I am currently a Research Scientist at Meta GenAI, on the LLaMA team. My research interests are in 1) using AI for AI (self-improvement algorithms, synthetic data, data feedback loops, data-centric AI) and 2) new capabilities (agents, test-time compute, continual learning, models with memory, multi-agent algorithms). I have done research on data-centric methods for language models and understanding pretraining and adaptation to downstream tasks, including emergent behavior such as in-context learning. I have also worked on pretraining and self-training methods for robust machine learning.
I received my Ph.D. in Computer Science from Stanford University, advised by Percy Liang and Tengyu Ma. I was a FY2019 NDSEG Fellow and a Student Researcher at Google Brain, working with Adams Wei Yu, Hieu Pham, and Quoc Le.

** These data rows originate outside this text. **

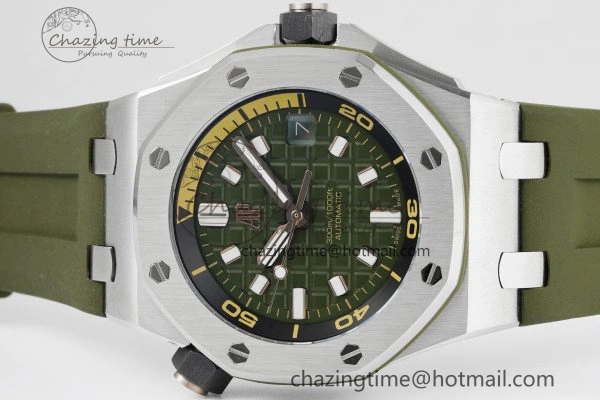 Royal Oak Offshore Diver 15720 IPF Best Edition Green Dial on Green Rubber Strap A QuickDry 4704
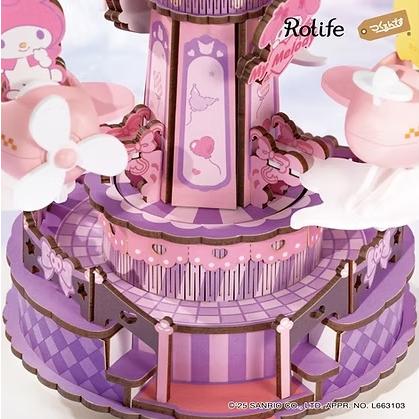 Kuromi & My Melody DIY 木製パズル AME01 ROBOTIME（つくるんです）クロミとマイメロディのなかよしライド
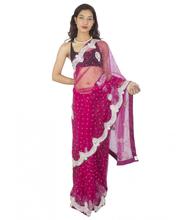 Dark Magenta Net Embellished Sari
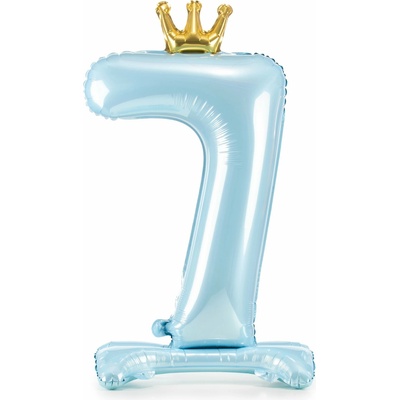 PartyDeco Stojaci fóliový balón číslo 7 84cm svetlomodrá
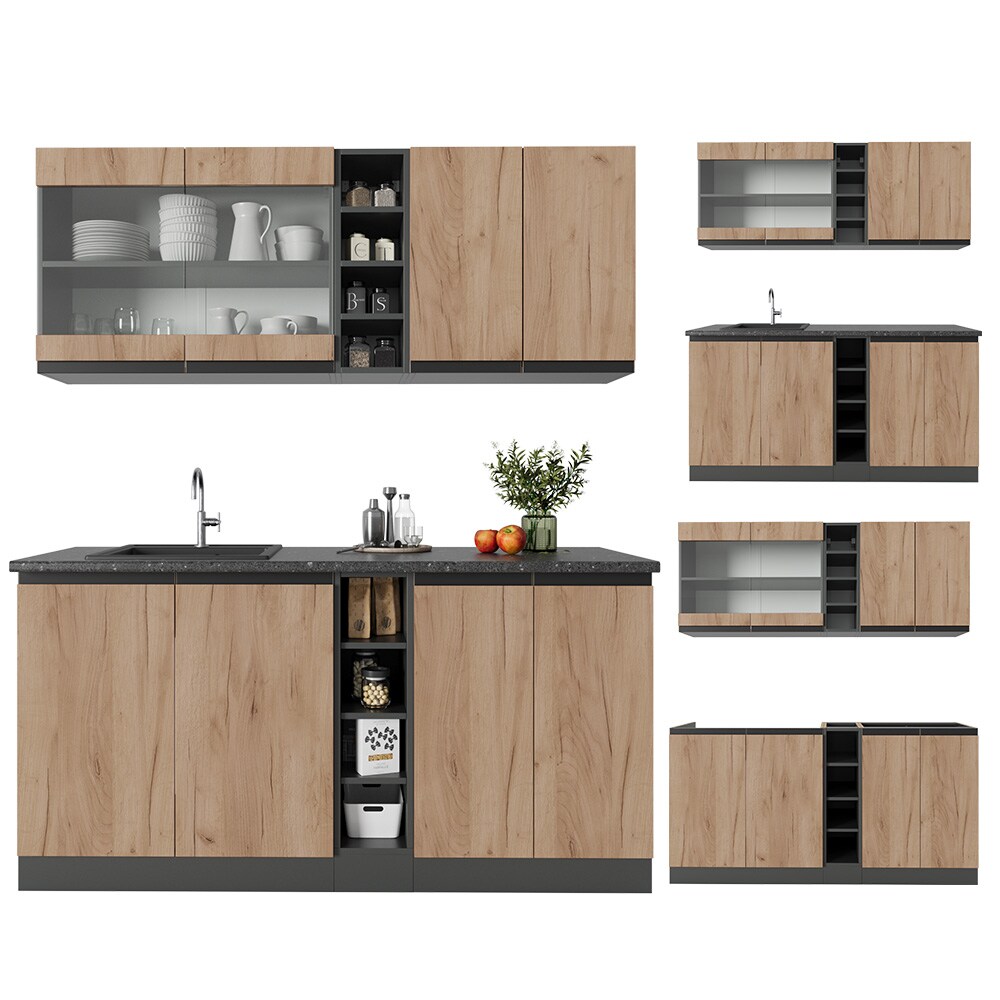 Vicco Küchenzeile Küchenblock Einbauküche R-Line J-Shape Anthrazit Eiche 160 cm modern Küchenschränke Küchenmöbel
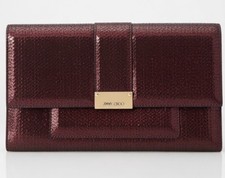 Jimmy Choo Reese Burgundy Red Textured Clutch 1280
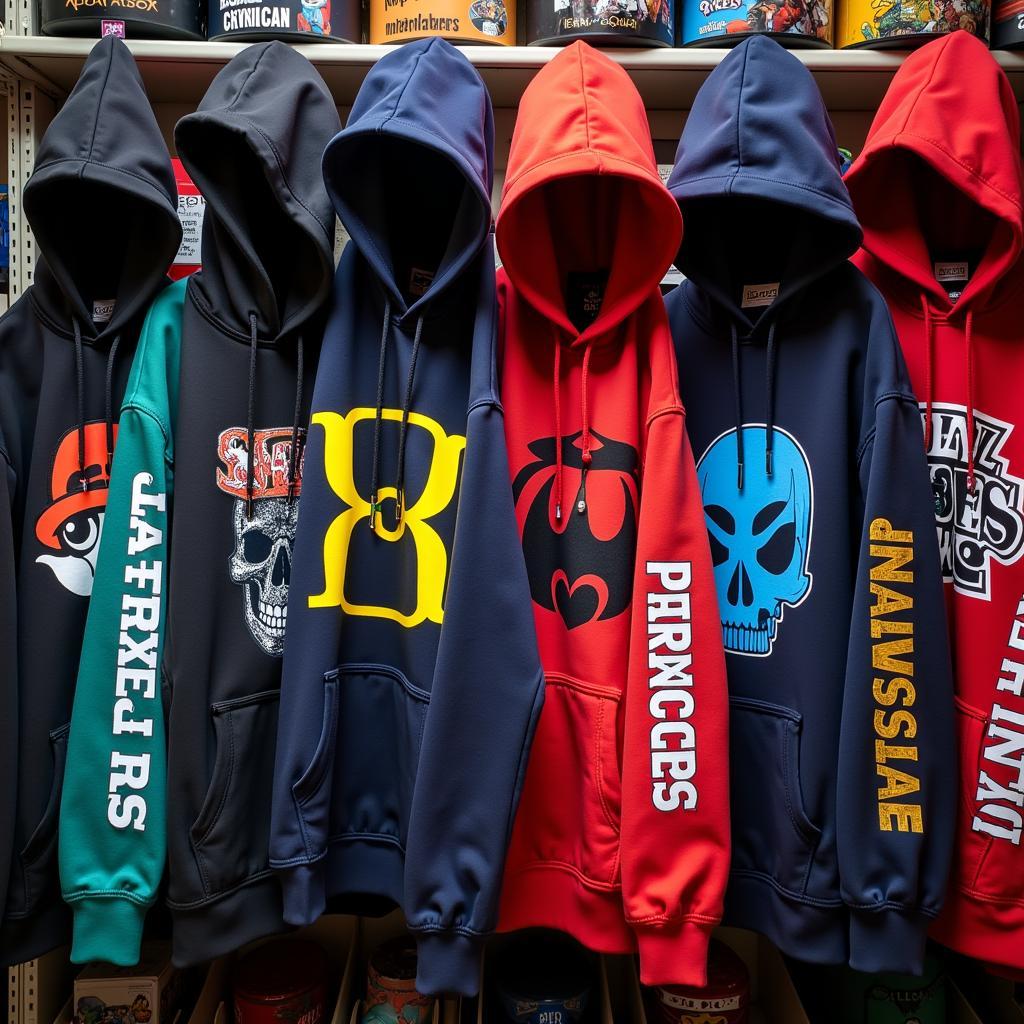 Different styles and designs of video game hoodies on display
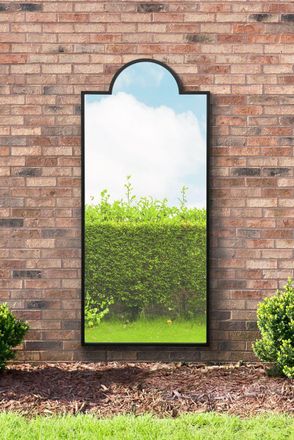 MirrorOutlet Black Contemporary Wall & Leaner Garden Mirror 67x 29 170x75cm | Size: 1 Pack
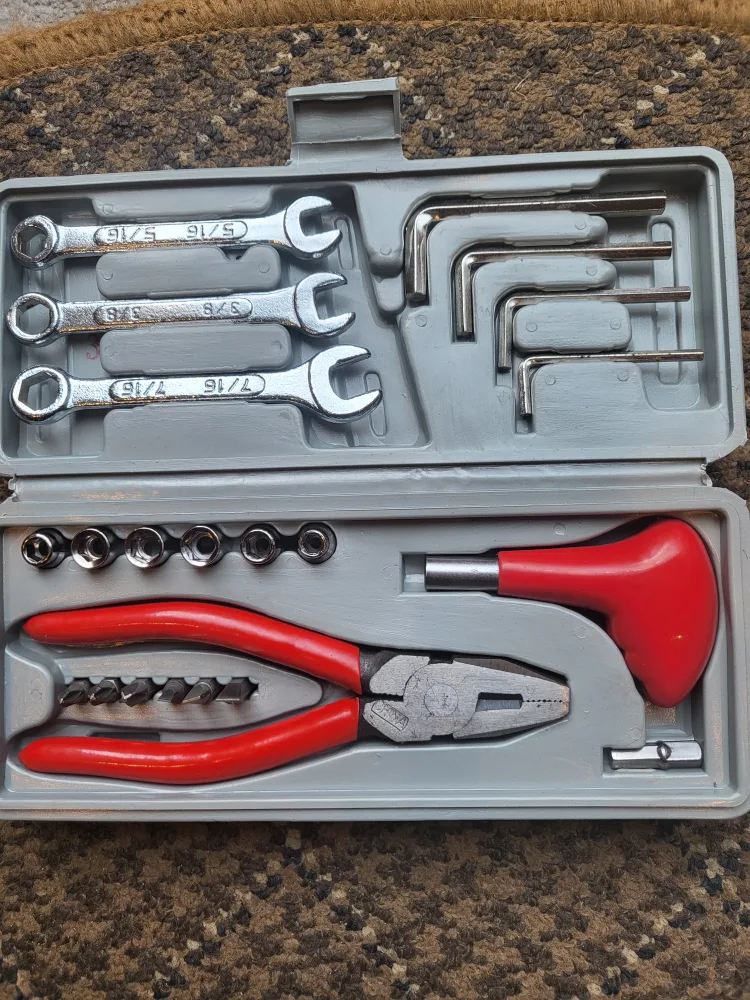 Toolbox with Wrenches, Pliers, and Allen Keys thumbnail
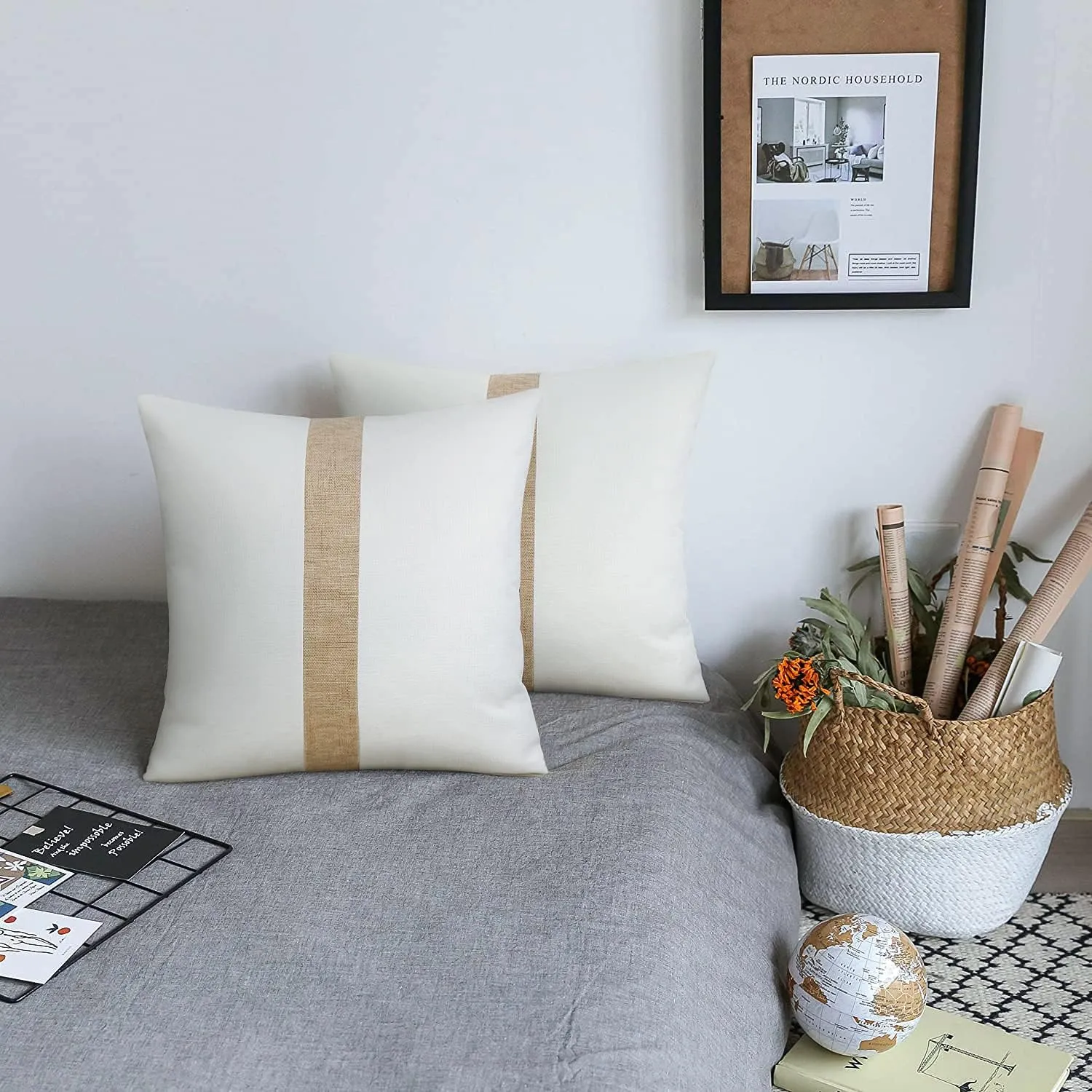 JASEN Farmhouse Decorative Throw Pillow Covers Boho Modern Decor Pillow Case White Patchwork Accent Pillow Cover for Couch Sofa Bed 18 x 18 Inch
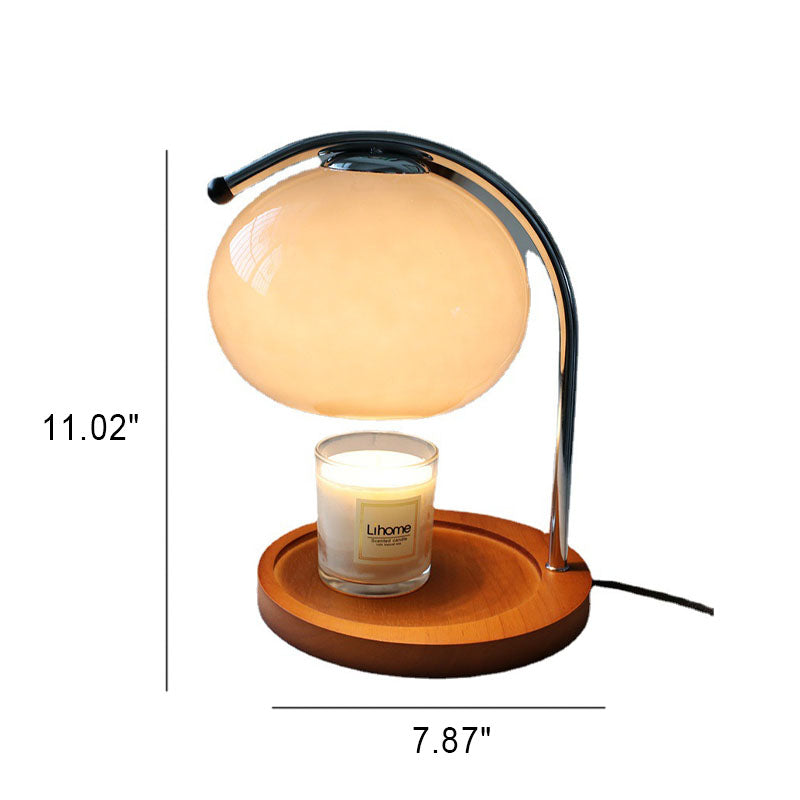 Taavita Vintage Glass Dome Solid Wood Base 1-Light Table Lamp with Melting Wax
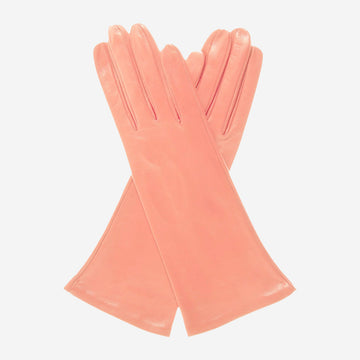 FS01W4 (pink) - Italian "4 button length" silk lined leather gloves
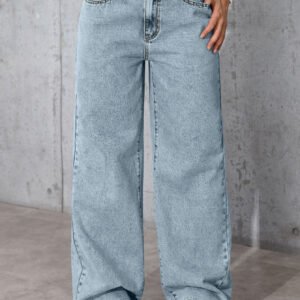Womens High-waisted Straight-leg, Loose-fitting Casual Pants - Image 4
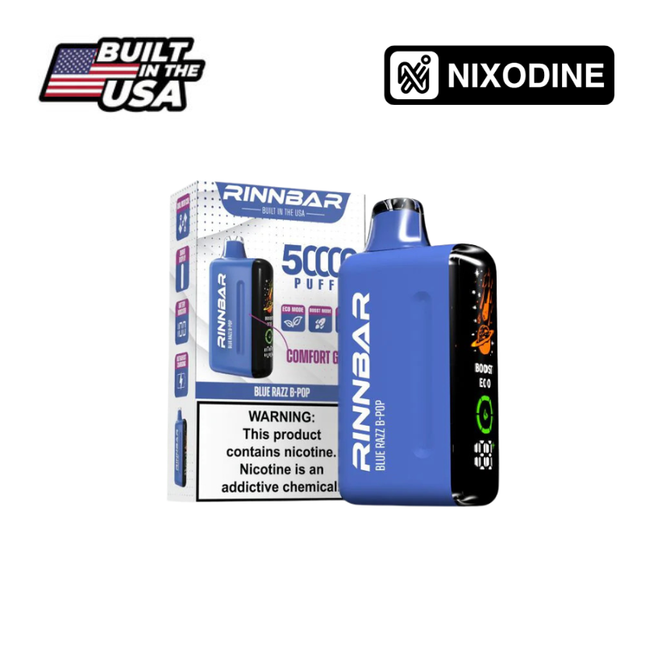 Rinnbar 50k Nixodine Disposable Blue Razz B-Pop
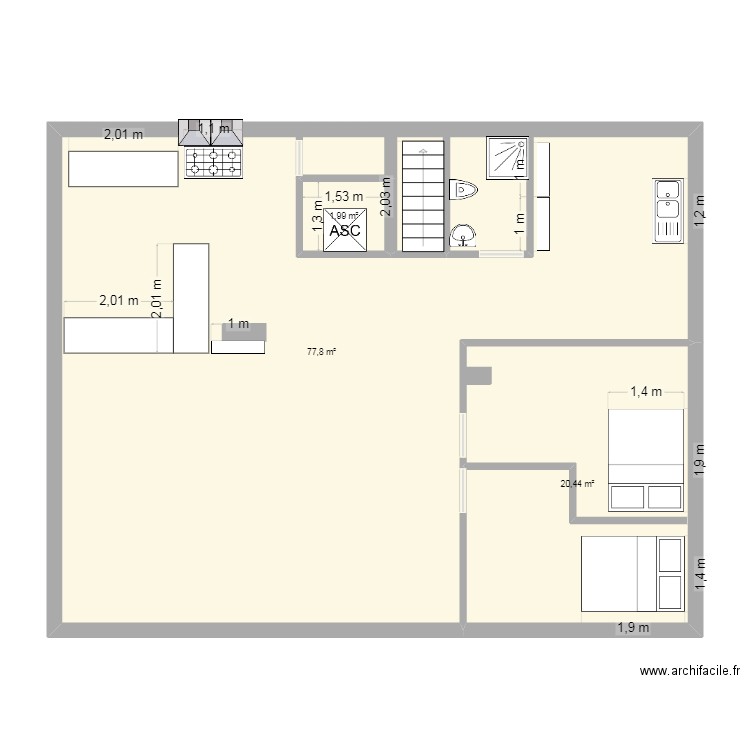 CUISINE AMÉNAGEMENT. Plan de 3 pièces et 104 m2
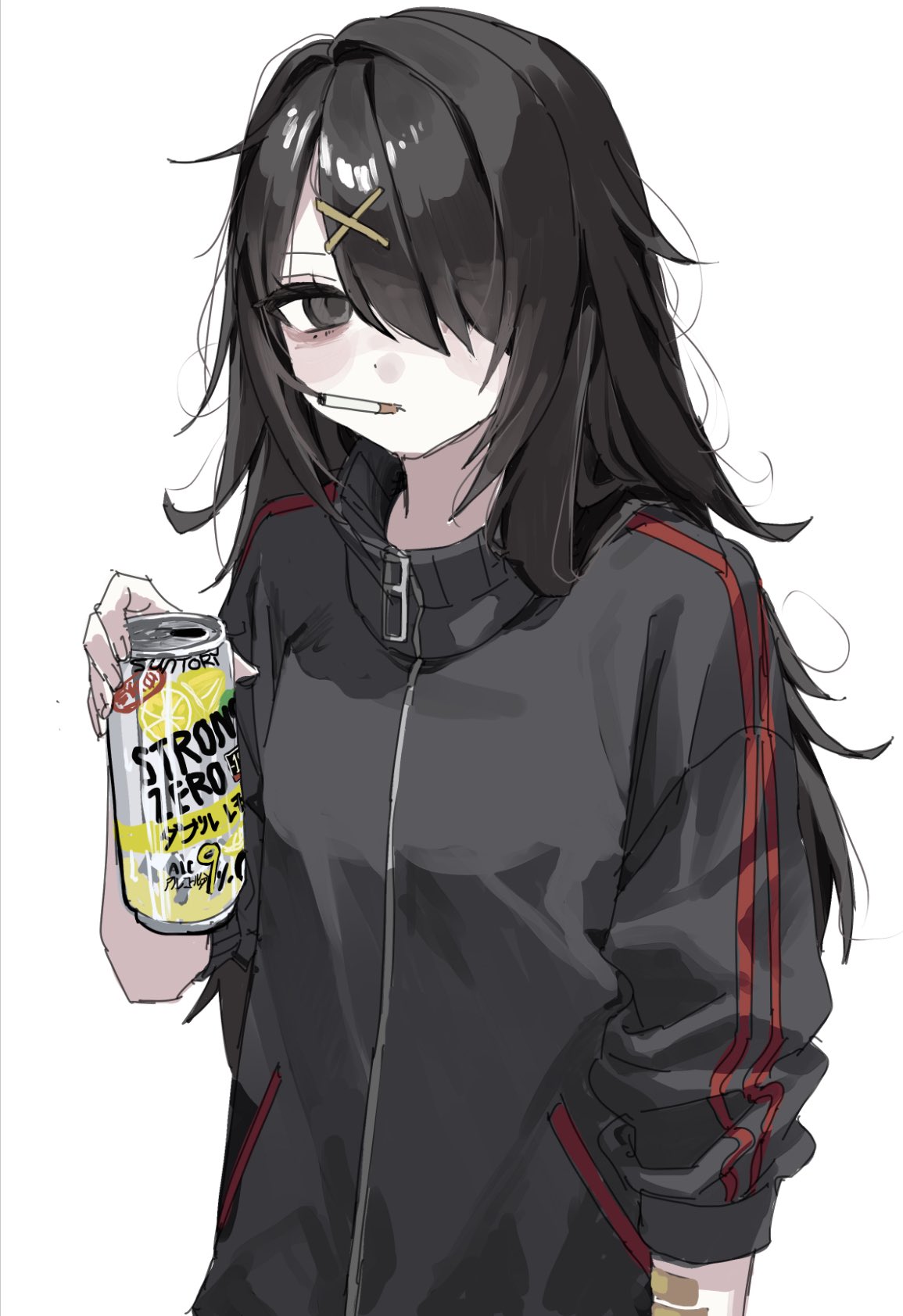 1girl, ame-chan_(needy_girl_overdose), arm_up, bags_under_eyes, bandaid, bandaid_on_arm, black_eyes, black_hair, black_track_suit, can, cigarette, drink, drink_can, hair_ornament, hair_over_one_eye, highres, holding, holding_drink, looking_at_viewer, m_psycho_83, messy_hair, needy_girl_overdose, sleeves_rolled_up, smoking, solo, track_suit, upper_body, white_background, x_hair_ornament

I received both my B.S. with departmental honors and M.S. in Computer Science from Stanford in 2017, where I am grateful to have worked with Stefano Ermon on the first deep learning and transfer learning methods for sustainability, particularly in poverty mapping using satellite imagery. My work has been recognized in Scientific American's 10 World Changing Ideas, publication in flagship venues such as Science, and covered by media outlets including the New York Times, The Washington Post, Reuters, BBC News, IEEE Spectrum, and The Verge.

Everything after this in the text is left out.